NAPIER: Kane Williamson belted 73 off 55 balls as New Zealand cruised to a six-wicket win over Bangladesh in the first Twenty20 match in Napier on Tuesday.
New Zealand cut down their 142-run target with two overs to spare as captain Williamson held the innings together with support from Colin de Grandhomme after the first four wickets fell cheaply.
New Zealand were four for 62 when de Grandhomme went to the crease and added 41 off 22 in an 81-run stand with Williamson.
It was Williamson’s highest Twenty20 innings, one run more than his unbeaten 72 against Pakistan a year ago, while de Grandhomme’s previous best was eight against Zimbabwe four years back.

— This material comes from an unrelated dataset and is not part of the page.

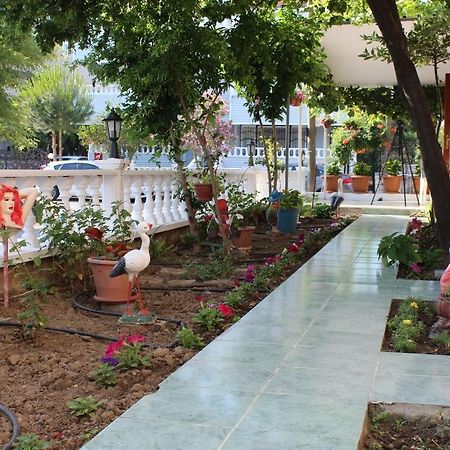 Eysan Pansiyon Akçay Exterior photo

The comfortable win continued New Zealand’s domination of Bangladesh after winning the three 50-over matches last week.
Bangladesh, looking to turn the tables in the shortest form of the game, opted to bat on a flat wicket after winning the toss but could only manage 141 for eight.
Mahmudullah, who had been out of form in the ODIs, came right with a knock of 52 in the only innings of note with Mosaddek Hossain adding 20 and New Zealand’s 18 wides was the third highest contributor to their total.
Mahmudullah kept out a yorker to avoid a hat trick with the first ball he faced after New Zealand debutant Lockie Ferguson took the wickets of Sabbir Rahman and Soumya Sarkar with his first two deliveries.
Ferguson also bowled Mahmudullah in his last over to finish with three for 32 while fellow debutant Ben Wheeler took two for 22.
Bangladesh felt they were still in the game when top-order big hitters, Neil Broom, Colin Munro, Corey Anderson and Tom Bruce were all removed cheaply.
Broom was out for six when Shakib Al Hasan pulled off a sensational as he sprinted around the boundary to take the ball.
He then flicked it in the air before momentum took him across the rope and then stepped back into the field of play to complete the catch.
Mustafizur Rahman, who removed Munro without scoring, was the most economical of the Bangladesh bowlers with one for 21 off his four overs.